A patient complained that a physiotherapist prescribed an exercise that was too advanced, leading to pain and injury. They said the physiotherapist did not listen to their concerns that the exercise was too hard and did not obtain proper consent.  

The physiotherapist reported it was actually the patient who wanted the challenging exercise included in their treatment plan. The physiotherapist said they advised the patient of the risks and recommended a less challenging option instead. 

Because the patient and the physiotherapist had very different stories, the committee looked at the patient record to determine what happened.   

The patient record showed that:  

  • The physiotherapist completed a comprehensive assessment, including subjective and objective testing.  
  • The physiotherapist prescribed progressively harder exercises as the patient progressed. 
  • When the patient tried the challenging exercise during an appointment, they struggled, and the physiotherapist advised it was likely too hard at this point in their recovery.  
  • The physiotherapist provided a less difficult option and informed the patient of the risks of continuing with the challenging exercise.  
  • Ongoing consent to assessment and treatment were documented throughout.  

The Standards 

The Documentation Standard requires physiotherapists to maintain records that are accurate, complete, and written in a timely manner. The patient record should be detailed enough that another physiotherapist could take over care and have all the relevant information. 

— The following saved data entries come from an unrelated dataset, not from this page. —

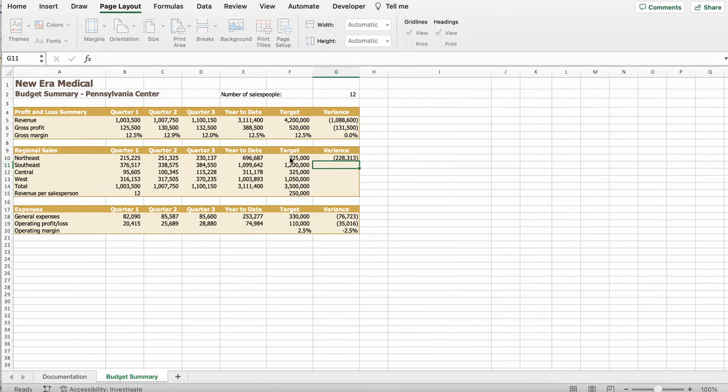Then it says, Josh wants to include a visualization of the total year to date sales separated by the regions. Insert a chart to provide this visualizations as follows. Create a 2D pie chart based on the non-adjacent ranges A9 to A13 and E9 to E13. So, we're going to go to A9, E13. A9, E13, which is right here. E9 to E13. So, we're going to region sales too, right here. Then, we're going to go to Insert. I'm going to click right here. You can see a little pie chart right here. Click 2D pies, which is this. Pop out.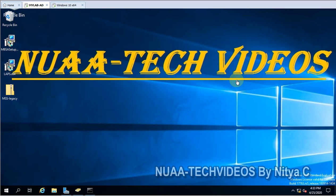Hello everyone, welcome to my channel Nuaa-tech videos. In this video we will understand what is NLA.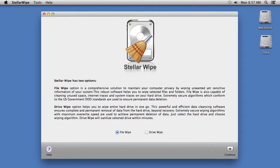Here is the software. First, you are going to select File Wipe or Drive Wipe. For this video, since we want to completely erase a hard drive, we will select Drive Wipe.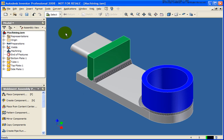In this lesson, we're going to cover how to create machining operations in a weldment. The file that we're going to use for this lesson is called machining.iam and it can be followed in your chapter 11 exercise folder.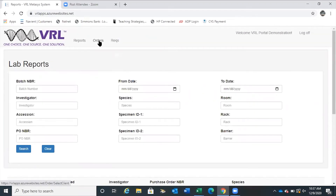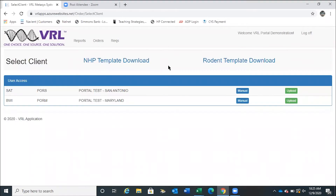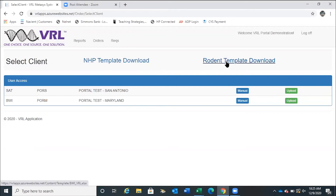There are three ways to order: template upload, manual, or paper. Once you are in the VRL Portal, go to Orders. After logging into the VRL Order Portal, blank templates for the ordering spreadsheet are accessible — this is the simplest way to begin inputting large amounts of data. There's an NHP template, as well as a small animal or rodent template.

Examples of things physiotherapists must document include: 

  • Assessment findings 
  • The treatment plan, including parameters and treatment goals 
  • Details of treatment provided and the patient’s response 
  • Relevant patient education, advice provided and communication related to care 
  • Informed consent and key details of consent conversations 

See the Documentation Standard for a full list of what information needs to be included in the patient record.  

Good documentation protects the physiotherapist and the patient.  

When it comes to consent, physiotherapists must: 

  • Ensure the patient understands what they’re consenting to. This includes explaining the nature, risks, benefits and side effects of a treatment, along with alternative options. 
  • Document conversations about consent on an ongoing basis.  

See the College’s Consent Resource for full details.  

The Outcome 

 In this case, the physiotherapist met the requirements of the Documentation Standard and consent legislation, and the patient record supported their version of events.  

The committee decided to take no action.